Buddhism is the fourth largest religion of the world Buddhism was founded by Siddhartha Guatam, “The Buddha.” It was the first world religion to spread beyond the society in which it was born. In this essay I will address the origins of Buddhism, how it spread and its main principles.

Siddhartha Guatam was a prince of the warrior class who felt his life was unsatisfying. A popular lifestyle man took when pursuing religious goals was a life of asceticism. Asceticism is a lifestyle characterized by abstinence from various worldly pleasures. After seven years, Guatam felt this wasn’t the right path to take. He realized that enlightenment did not come from the many material possessions or lack thereof; there must be a balance, which he called the Middle Way. This led him to create a strict and moral doctrine which aimed at liberation from suffering. To achieve higher states of consciousness and receive liberation from suffering, he taught his disciples

“to shed the demands of the flesh that no obstacle should prevent the soul from attaining the blessed state of nirvana or self-annihilation, freedom from the endless cycle of rebirth and transmigration, a doctrine urging men mot to do something, but to be something—in order not to be anything.” (Roberts, 131)

Guatam had an eightfold path of “moral and spiritual improvement” (Roberts, 131) in order to attain nirvana and meaningful existence, and lead away from suffering.

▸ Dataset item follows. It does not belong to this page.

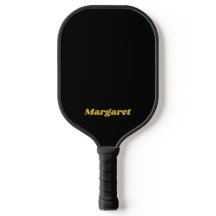 Raque de Pickleball Preta Personalizada com Nome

The ruler Asoka promoted the Buddhist evangelization. In his reign brought about the first expansion of Buddhism. Buddhism had spread however only in north-eastern India. Asoka sent missionaries to Burma, Ceylon, Macedonia and Egypt. Although the missionaries in Macedonia and Egypt weren’t very successful, Buddhist teachings influenced the philosophies of the Hellenistic world, and later some Greeks were converted. Later on the Kushanas carried Buddhism very far, and “the Greek models gradually gave way to the forms of Buddha familiar...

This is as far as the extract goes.